38 Getting help and advice
In a previous blog I wrote about how inappropriate giving unsolicited life advice is.
I want to look at another aspect of advice in this blog. The times when we want and need advice. In particular, expert advice in an area we don’t know about, or a second opinion in our own area. Our greatest resource besides ourselves is other people. Getting help along the way in work and in life is part of being human and can be anything from useful to essential. Additionally, one of the greatest pleasures in life is finding out that other people are willing to, and can, help us.
People can only offer you effective help and advice if you are clear about what you want or need. That means the clearer you are about your vision/goals/plans, the more specific you can be in asking for help you want and the more relevant will be the help or advice offered.
The thing to remember is that no one person has all the answers. Look at medical consultants – they are supposed to be the supreme experts in their own area, yet they routinely consult with each other to check out their own ideas and conclusions. This is because most of the tricky decisions in every area of life boil down to judgement calls and having other perspectives balances your judgement. In business, in work, in our personal life, we all make judgement calls every day. And here’s the point about your life choices. They should be your judgement call, you should get as much input and other perspectives as you need to be comfortable making your own decisions.

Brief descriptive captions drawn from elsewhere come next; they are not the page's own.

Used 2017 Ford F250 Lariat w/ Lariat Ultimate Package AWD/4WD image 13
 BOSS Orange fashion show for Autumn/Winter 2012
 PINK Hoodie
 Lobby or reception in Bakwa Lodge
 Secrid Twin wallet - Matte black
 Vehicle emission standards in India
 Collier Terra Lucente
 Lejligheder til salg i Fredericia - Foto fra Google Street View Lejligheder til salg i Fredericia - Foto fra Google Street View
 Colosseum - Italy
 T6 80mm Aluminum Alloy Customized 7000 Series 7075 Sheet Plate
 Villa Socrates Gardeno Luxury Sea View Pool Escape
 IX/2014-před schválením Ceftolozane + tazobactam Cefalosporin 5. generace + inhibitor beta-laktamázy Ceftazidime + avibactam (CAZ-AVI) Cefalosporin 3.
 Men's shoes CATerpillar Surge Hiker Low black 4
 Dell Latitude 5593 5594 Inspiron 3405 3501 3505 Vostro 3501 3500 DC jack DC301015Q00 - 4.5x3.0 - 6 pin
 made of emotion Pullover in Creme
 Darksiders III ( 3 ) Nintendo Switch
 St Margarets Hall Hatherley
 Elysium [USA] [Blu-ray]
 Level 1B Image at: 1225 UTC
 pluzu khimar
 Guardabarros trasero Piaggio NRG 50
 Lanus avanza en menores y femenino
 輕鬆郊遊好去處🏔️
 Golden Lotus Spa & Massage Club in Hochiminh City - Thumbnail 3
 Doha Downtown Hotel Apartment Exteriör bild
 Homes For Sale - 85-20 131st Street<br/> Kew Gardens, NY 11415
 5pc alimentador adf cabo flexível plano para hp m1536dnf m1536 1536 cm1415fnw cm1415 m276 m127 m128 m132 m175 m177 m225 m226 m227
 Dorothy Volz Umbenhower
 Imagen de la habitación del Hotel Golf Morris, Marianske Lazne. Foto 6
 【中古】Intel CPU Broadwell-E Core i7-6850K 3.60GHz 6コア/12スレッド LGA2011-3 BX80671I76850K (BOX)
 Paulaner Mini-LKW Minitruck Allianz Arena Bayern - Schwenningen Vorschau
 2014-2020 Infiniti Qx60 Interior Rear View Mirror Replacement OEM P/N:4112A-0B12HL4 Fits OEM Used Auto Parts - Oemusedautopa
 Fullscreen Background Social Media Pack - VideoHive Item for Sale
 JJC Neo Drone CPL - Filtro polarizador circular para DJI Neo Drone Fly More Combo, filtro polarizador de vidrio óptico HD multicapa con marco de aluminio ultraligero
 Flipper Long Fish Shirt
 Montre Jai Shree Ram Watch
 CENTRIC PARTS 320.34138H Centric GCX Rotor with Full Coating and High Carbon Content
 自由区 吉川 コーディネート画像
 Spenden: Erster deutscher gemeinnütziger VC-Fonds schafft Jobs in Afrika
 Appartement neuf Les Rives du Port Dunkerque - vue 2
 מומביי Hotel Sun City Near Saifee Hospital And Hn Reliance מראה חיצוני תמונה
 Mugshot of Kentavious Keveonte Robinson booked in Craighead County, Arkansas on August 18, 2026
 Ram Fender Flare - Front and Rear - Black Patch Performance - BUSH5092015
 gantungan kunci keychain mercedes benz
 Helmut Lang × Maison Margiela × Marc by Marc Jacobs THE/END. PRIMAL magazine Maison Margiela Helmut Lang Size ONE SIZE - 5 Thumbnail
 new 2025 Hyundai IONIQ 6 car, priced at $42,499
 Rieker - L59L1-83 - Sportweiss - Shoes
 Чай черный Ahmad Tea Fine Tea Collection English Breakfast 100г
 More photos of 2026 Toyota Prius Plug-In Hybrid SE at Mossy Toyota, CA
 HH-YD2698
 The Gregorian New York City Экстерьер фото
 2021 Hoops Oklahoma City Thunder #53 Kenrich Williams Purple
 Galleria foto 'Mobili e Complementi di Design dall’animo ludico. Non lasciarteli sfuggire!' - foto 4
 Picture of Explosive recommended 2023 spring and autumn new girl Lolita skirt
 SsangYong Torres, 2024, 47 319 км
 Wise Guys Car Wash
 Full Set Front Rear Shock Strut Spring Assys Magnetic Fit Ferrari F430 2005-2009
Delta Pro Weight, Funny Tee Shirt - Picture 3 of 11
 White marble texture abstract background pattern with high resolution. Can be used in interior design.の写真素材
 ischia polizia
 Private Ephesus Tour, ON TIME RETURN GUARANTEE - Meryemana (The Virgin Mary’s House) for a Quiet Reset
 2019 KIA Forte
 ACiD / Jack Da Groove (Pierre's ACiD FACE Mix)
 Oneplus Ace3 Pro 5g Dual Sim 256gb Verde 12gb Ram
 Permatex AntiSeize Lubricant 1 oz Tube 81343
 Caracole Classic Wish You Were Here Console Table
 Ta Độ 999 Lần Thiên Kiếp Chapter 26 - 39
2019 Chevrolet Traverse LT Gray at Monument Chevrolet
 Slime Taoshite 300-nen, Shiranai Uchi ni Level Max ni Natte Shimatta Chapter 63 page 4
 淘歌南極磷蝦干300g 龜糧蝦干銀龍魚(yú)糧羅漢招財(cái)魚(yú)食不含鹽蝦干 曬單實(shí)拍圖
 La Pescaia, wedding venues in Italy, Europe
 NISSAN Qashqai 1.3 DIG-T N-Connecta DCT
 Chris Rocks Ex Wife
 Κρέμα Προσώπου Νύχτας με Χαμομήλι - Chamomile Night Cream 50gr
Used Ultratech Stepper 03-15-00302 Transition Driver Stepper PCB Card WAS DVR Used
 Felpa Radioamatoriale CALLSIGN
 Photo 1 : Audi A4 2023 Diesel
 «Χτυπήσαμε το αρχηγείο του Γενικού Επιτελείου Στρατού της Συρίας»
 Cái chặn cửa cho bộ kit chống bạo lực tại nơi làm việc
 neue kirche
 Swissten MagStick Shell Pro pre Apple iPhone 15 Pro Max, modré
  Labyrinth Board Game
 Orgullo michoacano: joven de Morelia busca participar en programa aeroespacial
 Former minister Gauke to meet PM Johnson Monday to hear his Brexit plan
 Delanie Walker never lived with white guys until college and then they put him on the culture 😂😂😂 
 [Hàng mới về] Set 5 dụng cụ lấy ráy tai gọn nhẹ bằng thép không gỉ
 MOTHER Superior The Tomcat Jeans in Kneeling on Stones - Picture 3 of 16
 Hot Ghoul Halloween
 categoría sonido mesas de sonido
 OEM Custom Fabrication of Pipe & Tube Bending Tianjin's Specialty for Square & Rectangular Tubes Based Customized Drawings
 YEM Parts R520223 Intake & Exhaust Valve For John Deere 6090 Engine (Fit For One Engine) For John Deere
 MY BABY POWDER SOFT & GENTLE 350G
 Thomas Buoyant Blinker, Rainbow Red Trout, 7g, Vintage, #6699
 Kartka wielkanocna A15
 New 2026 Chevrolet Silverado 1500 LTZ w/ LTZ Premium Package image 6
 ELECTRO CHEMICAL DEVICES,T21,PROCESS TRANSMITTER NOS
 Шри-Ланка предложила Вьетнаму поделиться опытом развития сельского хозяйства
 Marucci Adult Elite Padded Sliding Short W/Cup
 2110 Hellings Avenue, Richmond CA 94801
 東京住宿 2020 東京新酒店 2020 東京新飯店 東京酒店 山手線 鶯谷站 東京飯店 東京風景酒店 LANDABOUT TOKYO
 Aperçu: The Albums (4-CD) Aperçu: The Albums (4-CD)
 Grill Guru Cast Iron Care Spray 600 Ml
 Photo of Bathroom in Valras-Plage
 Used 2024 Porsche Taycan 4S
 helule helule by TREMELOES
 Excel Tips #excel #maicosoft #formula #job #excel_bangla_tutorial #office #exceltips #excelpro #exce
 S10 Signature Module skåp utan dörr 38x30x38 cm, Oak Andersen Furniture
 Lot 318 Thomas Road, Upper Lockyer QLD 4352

I am good at finding experts and asking for help, in my first year of business I got fantastic time and advice from many experts. All of whom had relevant real world experience. Each expert was sure of themselves, they had proof in their own experience that what they were advising works. Some experts advised similar solutions and some very different, to the same problems. It is exactly the same in a job hunt, the advice you get from various experts and professionals will range widely and often be contradictory. There is nothing wrong with this, and all advice should be listened to and appreciated. What will actually work for you can’t be predicted, much less guaranteed so you need to make the judgement calls. Make the best choices for you, count a victory and move forward.